• [WHAT THE EXERCISE ASKS]
Every line below from the one with "Hot DIP Galvanized Stair Tread" through the one with "image-12, 2013 Mazda" should be retyped exactly, both ends included; no other lines and no pictures.

• [RECORDS SHOWN]
┄┄┄┄┄┄
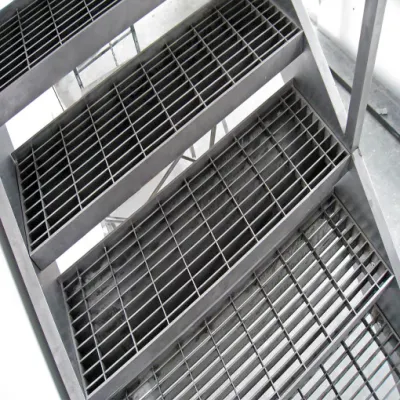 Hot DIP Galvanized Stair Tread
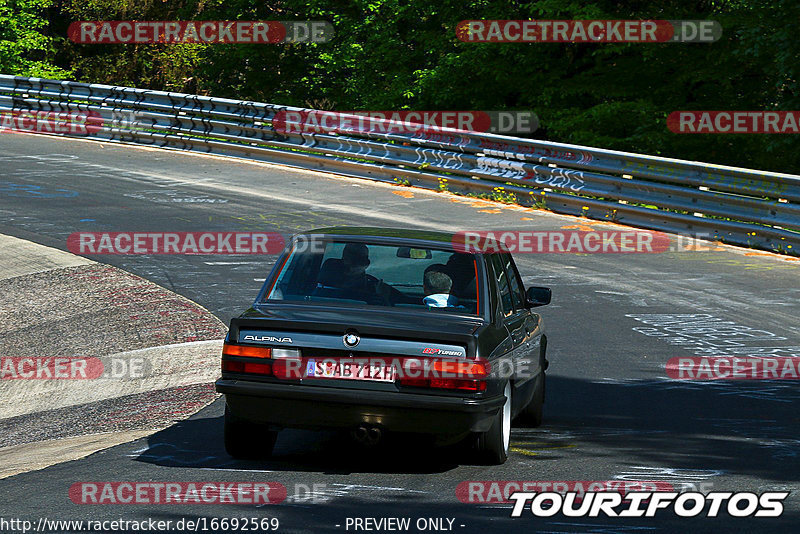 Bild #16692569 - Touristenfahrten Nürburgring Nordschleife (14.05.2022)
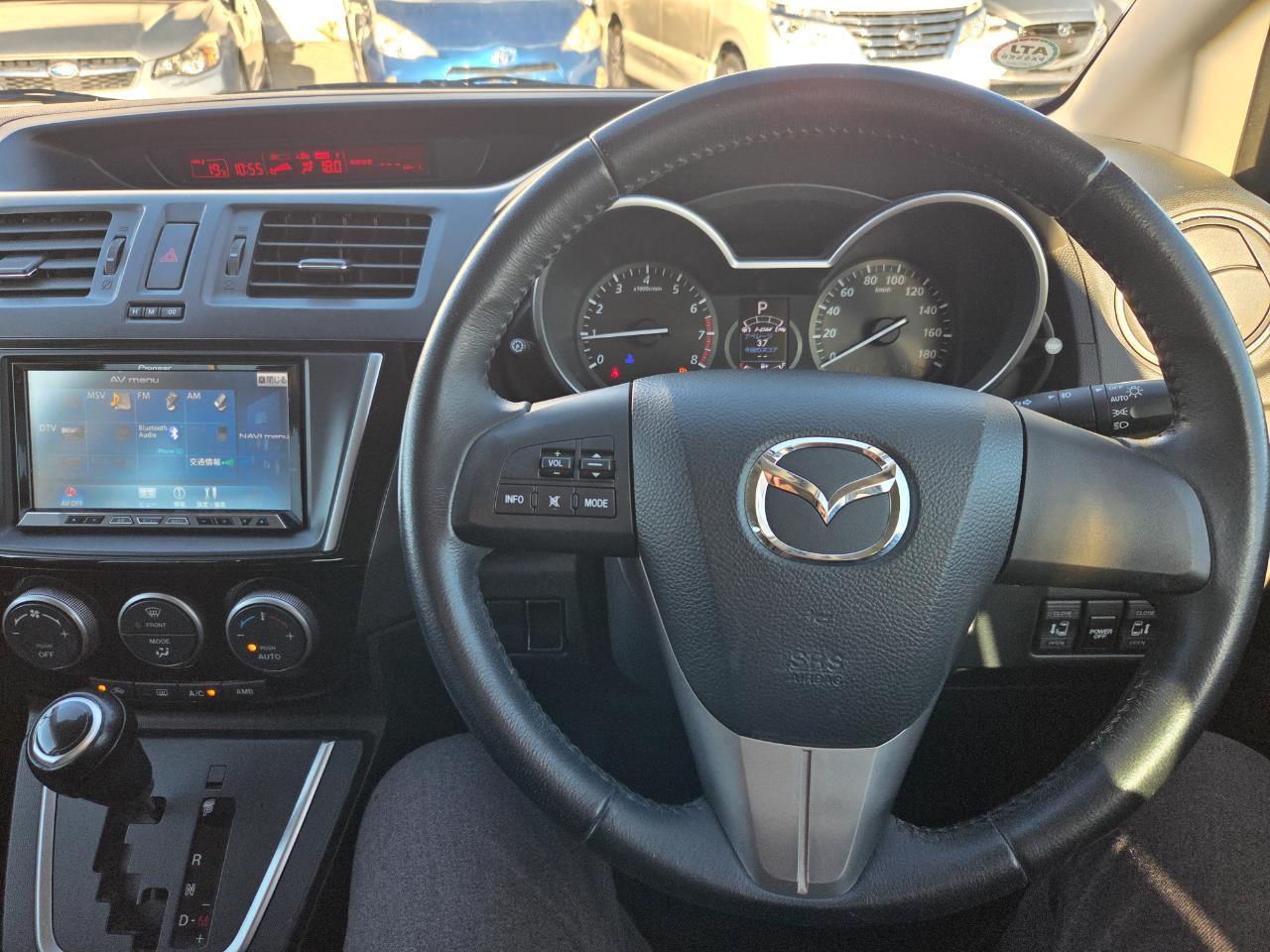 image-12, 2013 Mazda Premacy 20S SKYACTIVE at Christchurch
┄┄┄┄┄┄
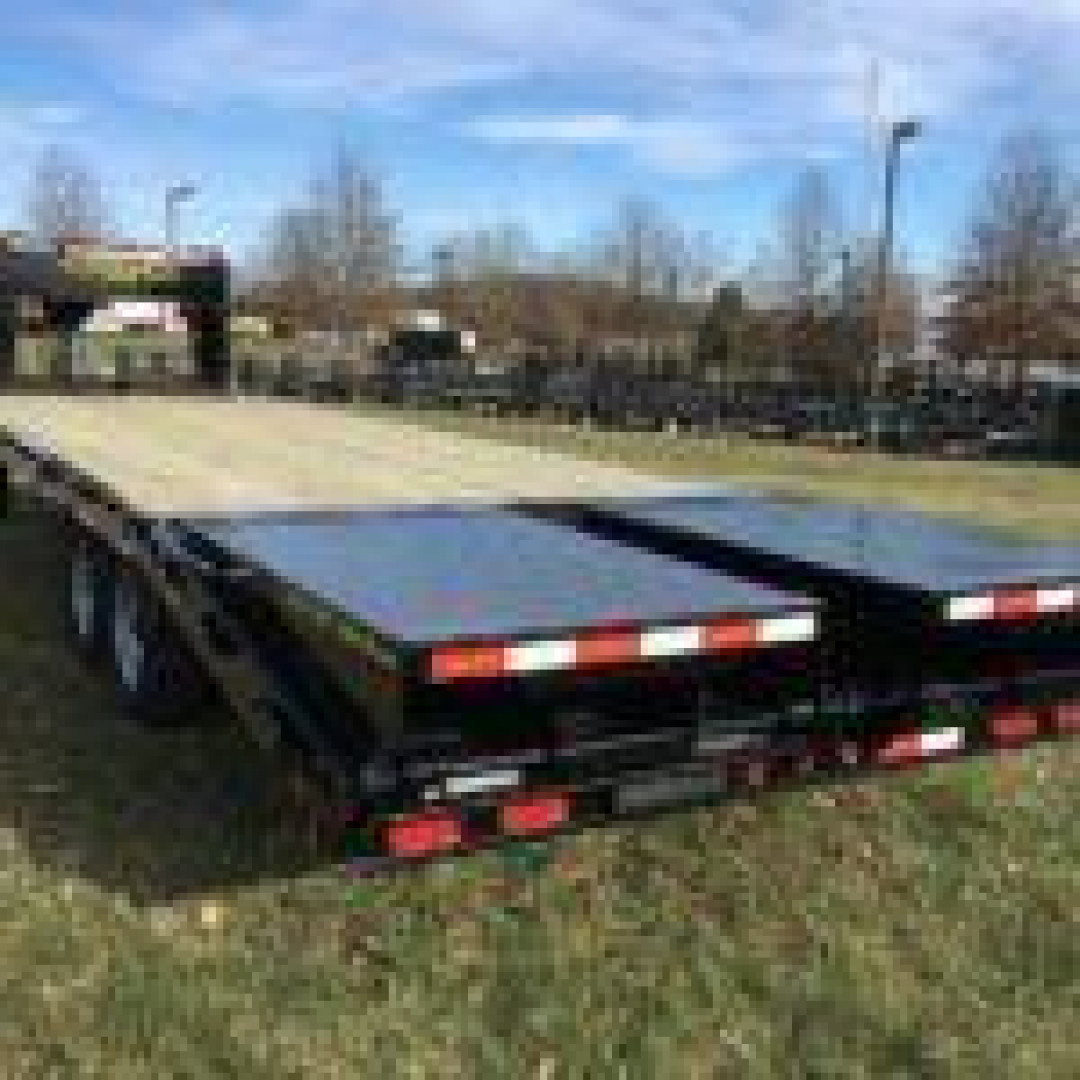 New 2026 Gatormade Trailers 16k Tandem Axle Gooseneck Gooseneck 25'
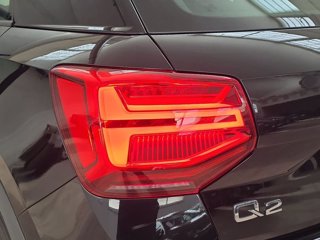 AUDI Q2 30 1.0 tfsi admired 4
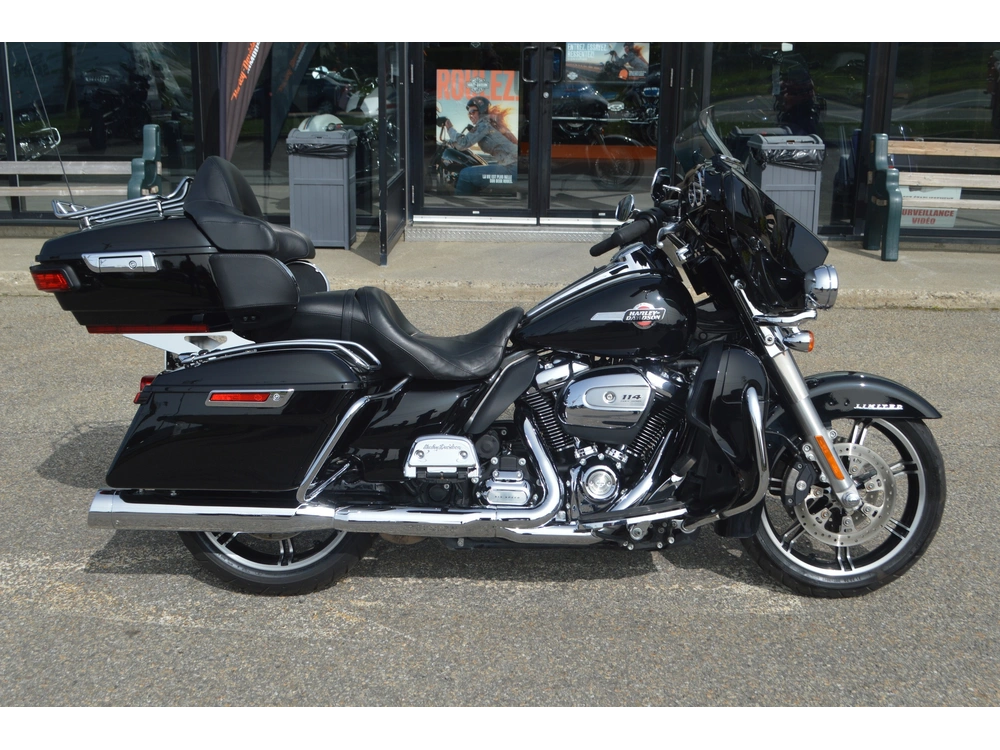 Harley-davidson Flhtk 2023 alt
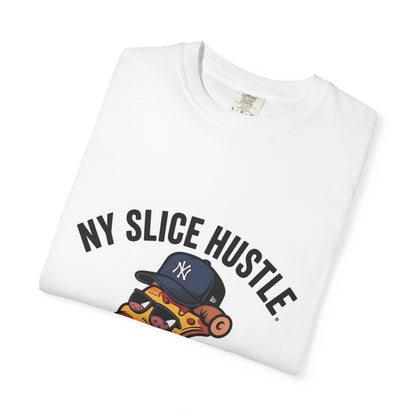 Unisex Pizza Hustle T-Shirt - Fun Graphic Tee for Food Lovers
┄┄┄┄┄┄
• [EXPECTED OUTPUT]
 Hot DIP Galvanized Stair Tread
 Bild #16692569 - Touristenfahrten Nürburgring Nordschleife (14.05.2022)
 image-12, 2013 Mazda Premacy 20S SKYACTIVE at Christchurch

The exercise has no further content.